Moving average crossovers
Trading the moving average crossovers is one of the most straight forward ways of having a set play-book that gives people signals for entering or exiting the market. In this strategy, an investor can pick a currency and have charts that have two or more moving averages. The common reliable moving averages are the 200, 100 and 50MA. The larger numbers are referred to as the slow moving averages while the smaller numbers are the fast moving averages. In this strategy, when the faster moving averages cross from above or below a moving average, a buy or sell signal has been made. For example, if the 50MA crosses the 200MA from above, it is your cue to sell.
The strategy is reliable in profit minting and still gives the trader a clear call or put trading signal. It is one of the few strategies that fall in the high-probability-low-risk category. Many trading systems (including auto-trading scripts) are complex upgrades of this strategy. Long term binary options traders prefer them because they always signify a shift in the momentum and give chartists early signs of where the markets are headed next.

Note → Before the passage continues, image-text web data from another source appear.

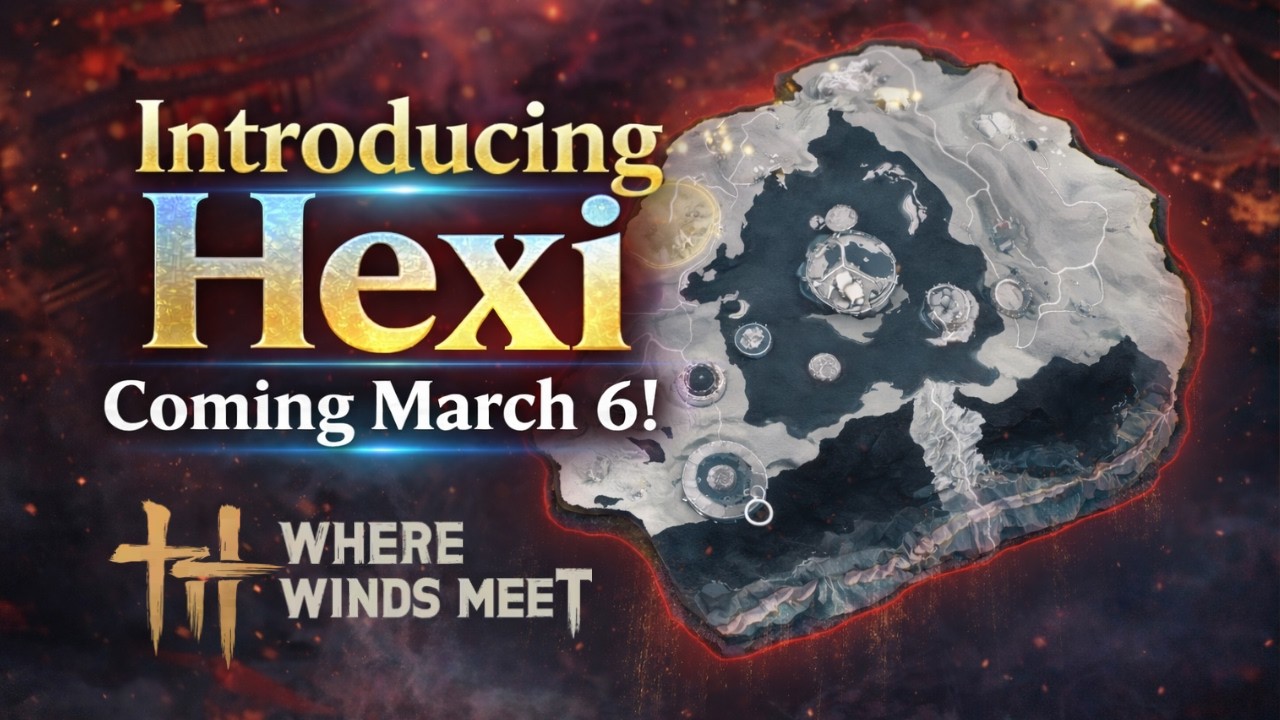 Там, где встречаются ветры: представляем Hexi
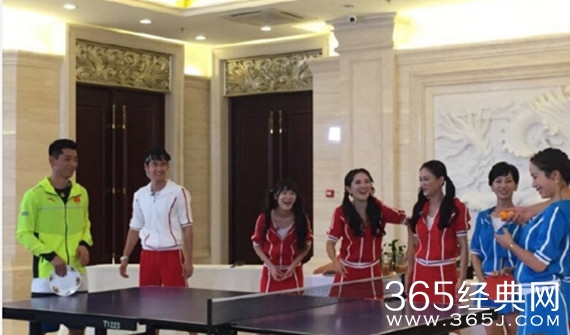 张继科参加我们来了是哪一期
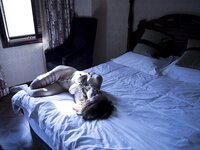 [XR Uncensored] K8傲娇萌萌Vivian - R18 秀人网模特 被束缚的学妹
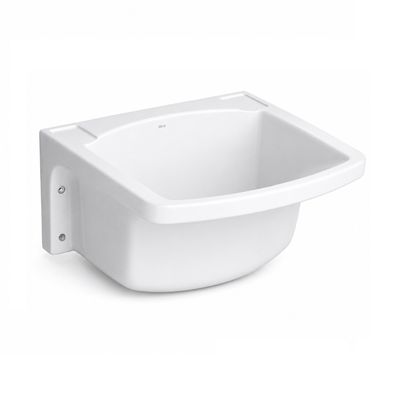 Tanque de Louça Médio 30 Litros Branco 53x51 cm - Deca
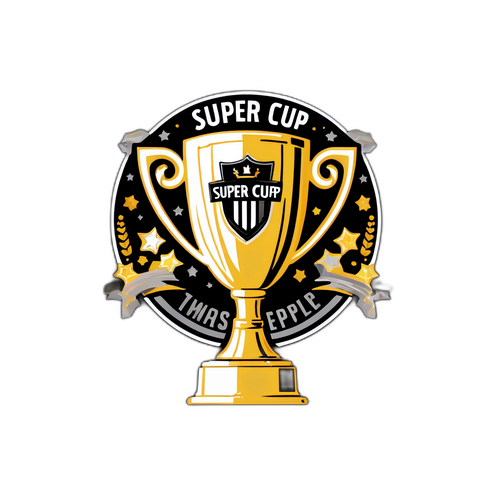 İtalya Süper Kupa Sticker'ı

The short term moving average crossovers more often than not occur near some psychological levels on the chart. Round figures (on currencies) have through time been known to bring about a lot of market volumes because many people buy or sell options near them. Traders can combine a mixture of the MA crossovers and the psychological levels to come up with some reliable support and resistance zones.
Moving average bounces – golden bounce
The 200-day moving average is watched by major institutional traders. The line is also respected on the shorter time-frames such as the hour and 15 minute charts. When the price action approaches it, fails to penetrate the line and retracts to the original direction, traders take that as a cue that the trend is likely to continue over a sustained period of time. People trade the bounces just like they would trade the daily pivots. To some extent, a slow moving average can act like a moving support line; giving binary options traders a one-glance means of telling if the market is bullish or bearish.
Moving averages are very reliable in organizing your trade strategies, especially if combined with the brilliant money management options that binary options trading platforms already provide.